1 de maio de 2022

Mãe

 

A estrada de terra batida chegava ao bairro vinda de longe, já cansada do caminho. E ali se aquietava um pouco, numa curva suave e longa, antes de seguir para mais longe, para o Kuando ou para o Bailundo. De um lado debruando a margem da mata de eucaliptos, do outro limitando o casario que se ia estendendo para o pequeno ribeiro que, ainda distante, corria entre o caniço. Era numa casa térrea que funcionava a escola primária, repartindo o quadro preto da sala de aulas com o balcão da loja ao lado, onde um barril de vinho repousava sobre o balcão, aguardando a abertura da torneira e o enchimento do copo de vidro.

Ali tive uma carteira de madeira – sim, de madeira, talvez mesmo de girassonde – com um tampo suavemente inclinado, que se levantava, com um tinteiro a meio e dois rasgos para os lápis de cada um dos lados. O tinteiro era regularmente abastecido de tinta e, como os outros, utilizei para as minhas primeiras letras uma pena de madeira em cuja ponta se encaixava um aparo metálico que se mergulhava no tinteiro para o alimentar, sempre que isso era necessário. Faculdade minha, nunca sujei os dedos com tinta, nunca esborratei o papel e com alguma facilidade me habituei a desenhar regularmente as letras e a fazê-las redondas e agradáveis à vista. Sem erros no ditado e sem rasuras nas cópias e nas contas.

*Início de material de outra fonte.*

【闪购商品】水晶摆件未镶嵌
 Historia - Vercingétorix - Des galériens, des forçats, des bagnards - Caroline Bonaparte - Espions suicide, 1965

Foi assim e ali que aprendi a desenhar-te o nome, numa letra redonda e limpa que a professora me elogiava. E foi assim que fui pondo em cada letra o brilho tranquilo do teu olhar, a suavidade do teu sorriso envergonhado, a humildade magnânima de teu feitio e do teu avental de riscado. Mesmo contigo distante de mim, é esse prazer lúdico que conservo: sentir nos dedos o toque único da primeira pena, depor em cada letra o alto sentido do meu amor que vem de sempre. Tanto fui aprendendo com tanta gente e mais ainda tenho para aprender com outra tanta. Mas foi ali que eu aprendi a escrever, num cursivo redondo e limpo, a palavra MÃE. Para dizer-to hoje!